Assigned task.
A word-for-word copy of the data, pictures excluded, is what this task asks for.

Stored data.
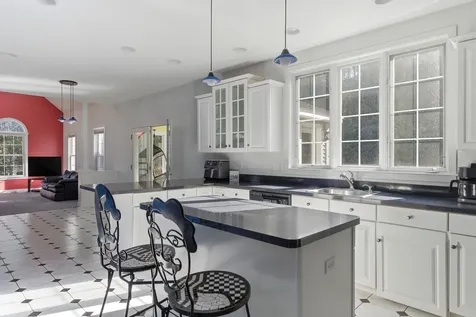 24 Scott Drive Merrimack NH 03054
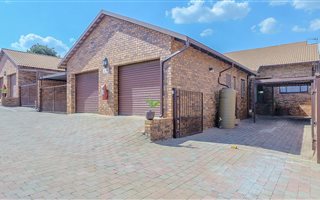 3 Bedroom Townhouse in Mondeor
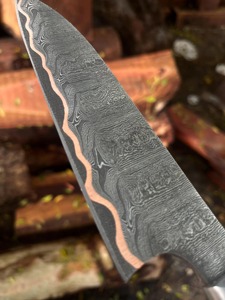 Cuchillo de chef Black Smith 1987 Damascus de acero y cobre, 12 pulgadas, mango de madera Pakka con refuerzo plateado - Product Image 4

Response to this task.
 24 Scott Drive Merrimack NH 03054
 3 Bedroom Townhouse in Mondeor
 Cuchillo de chef Black Smith 1987 Damascus de acero y cobre, 12 pulgadas, mango de madera Pakka con refuerzo plateado - Product Image 4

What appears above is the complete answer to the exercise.